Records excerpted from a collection
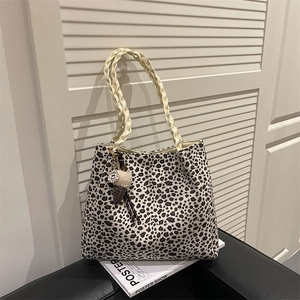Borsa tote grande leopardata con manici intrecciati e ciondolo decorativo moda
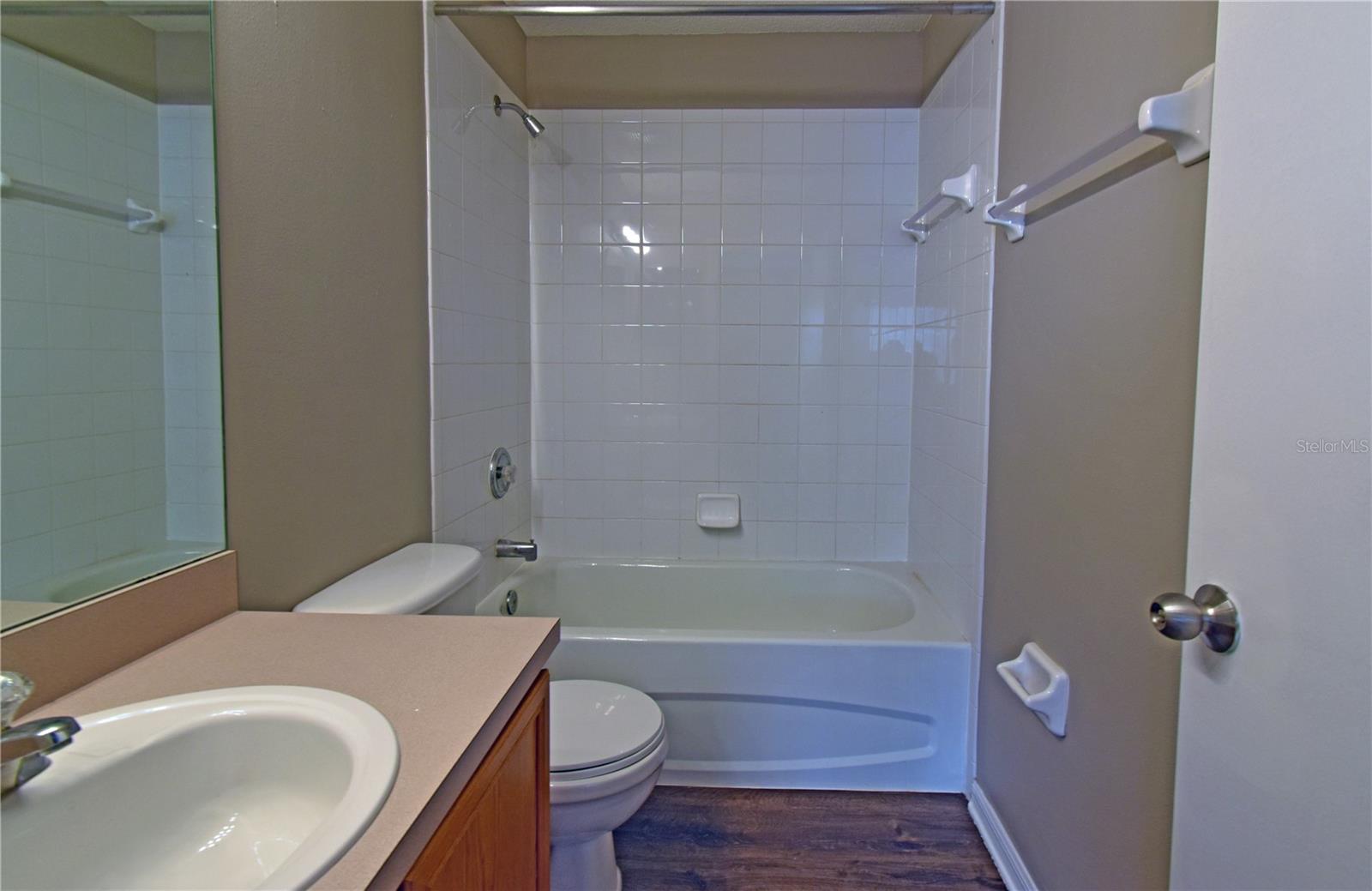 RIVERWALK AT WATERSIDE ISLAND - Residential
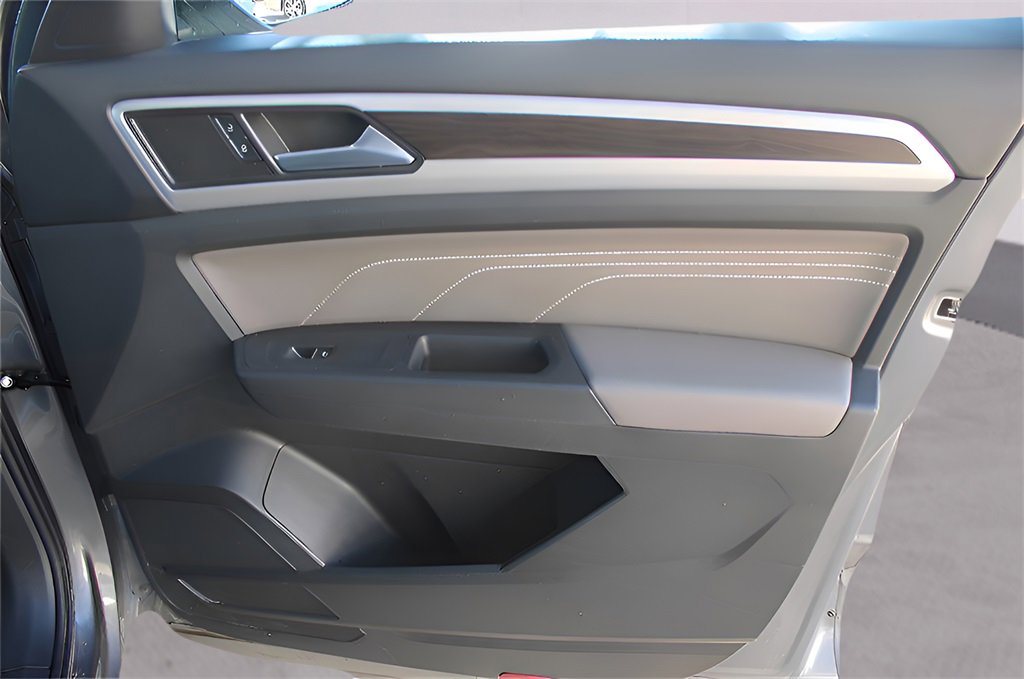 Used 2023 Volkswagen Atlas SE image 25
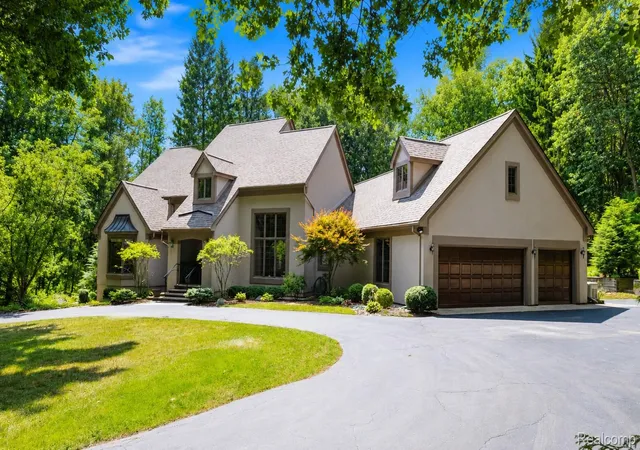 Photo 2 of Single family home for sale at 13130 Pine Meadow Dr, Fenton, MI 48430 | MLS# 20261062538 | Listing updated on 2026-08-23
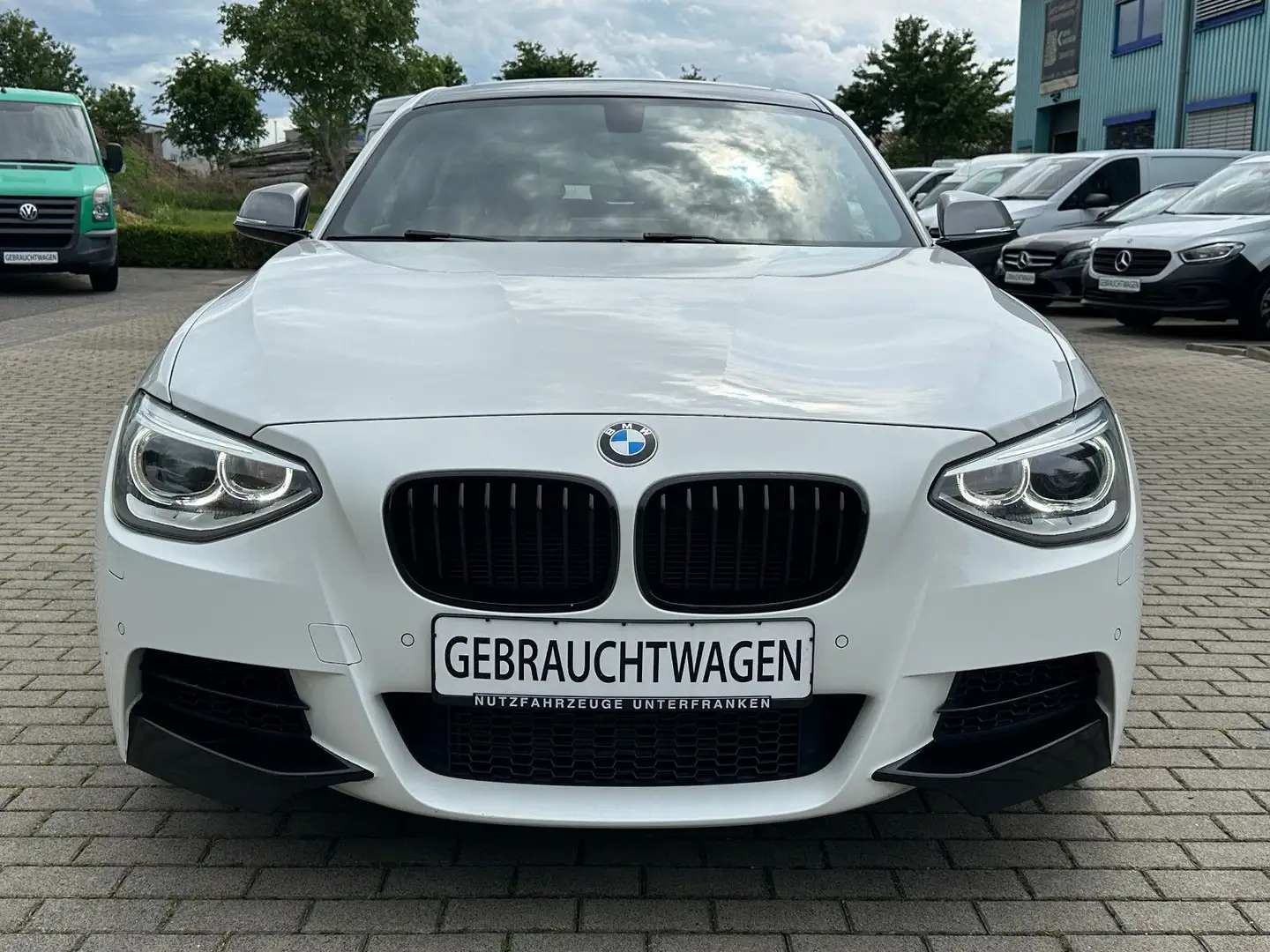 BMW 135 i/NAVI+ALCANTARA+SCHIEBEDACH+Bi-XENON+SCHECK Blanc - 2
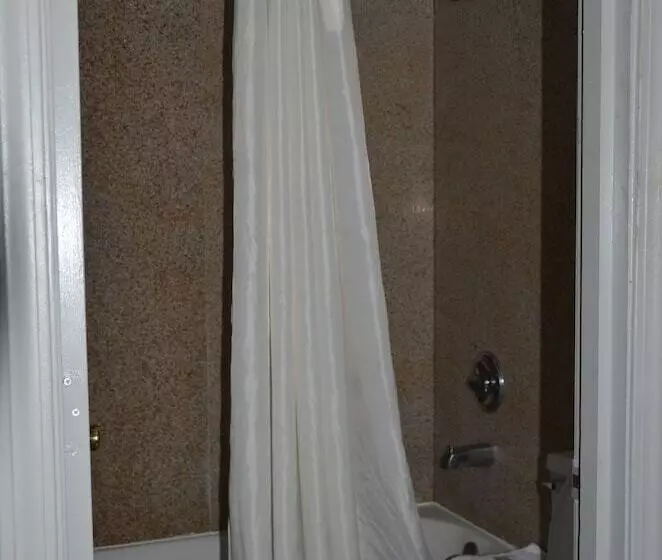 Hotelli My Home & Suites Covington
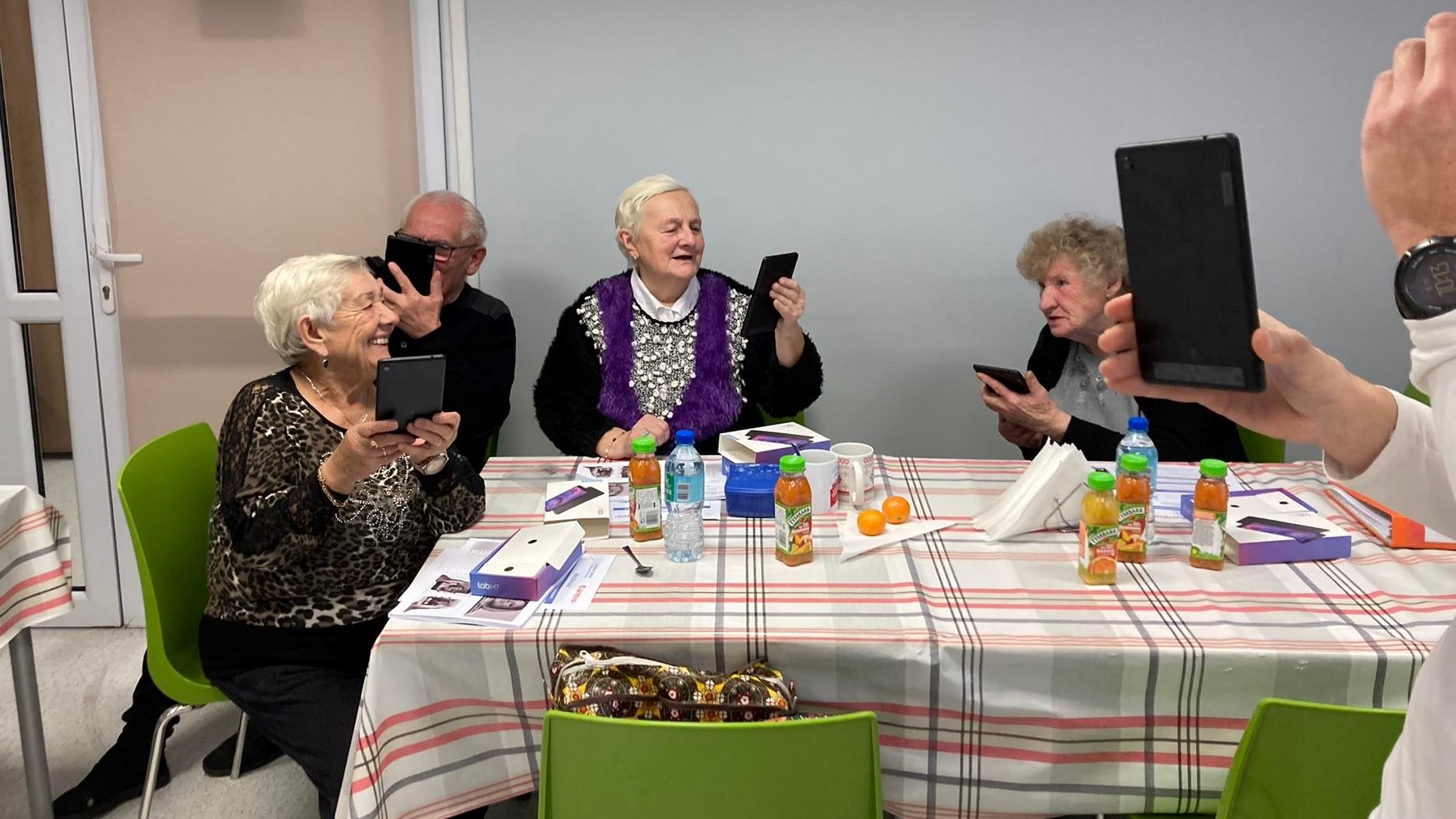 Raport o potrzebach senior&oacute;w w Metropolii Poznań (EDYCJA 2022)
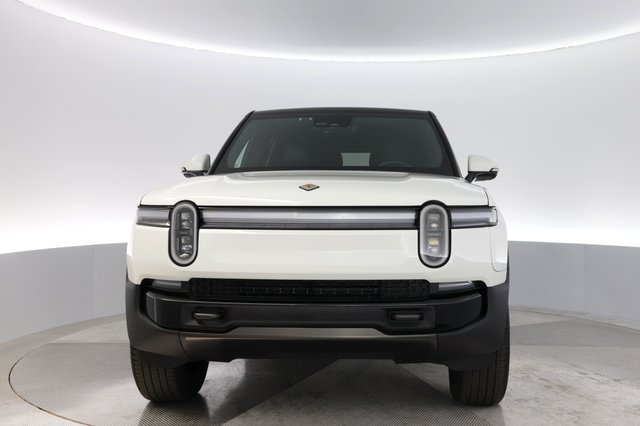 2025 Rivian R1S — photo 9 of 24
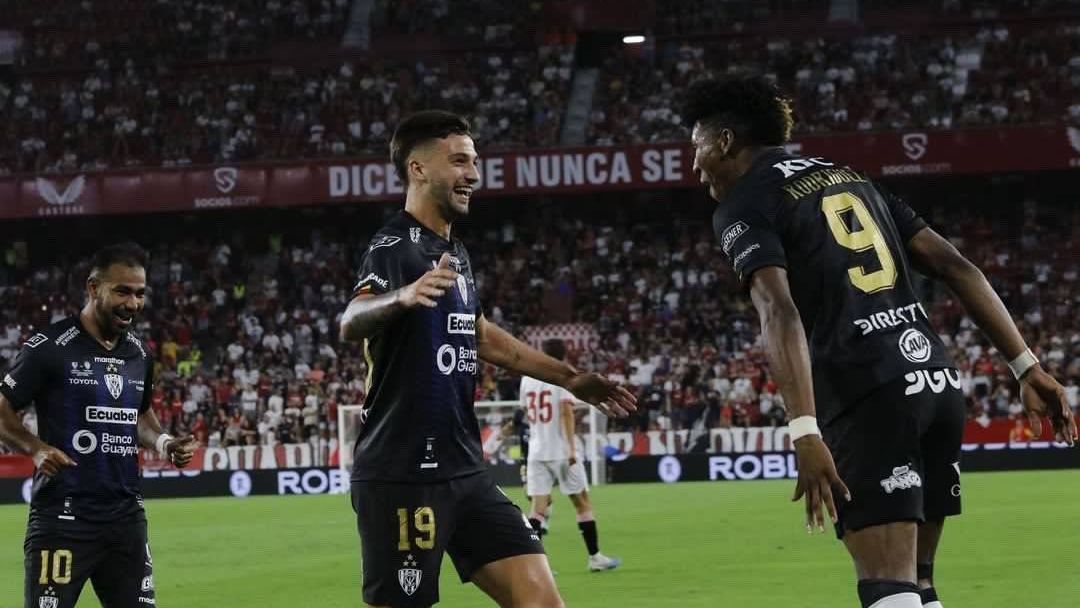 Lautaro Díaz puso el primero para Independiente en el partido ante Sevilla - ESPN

→ **What to do**:
After locating the line containing "Raport o potrzebach" in the entries above, repeat only it and each later line through the end, exactly, without any pictures.

→ **Answer space**:
 Raport o potrzebach senior&oacute;w w Metropolii Poznań (EDYCJA 2022)
 2025 Rivian R1S — photo 9 of 24
 Lautaro Díaz puso el primero para Independiente en el partido ante Sevilla - ESPN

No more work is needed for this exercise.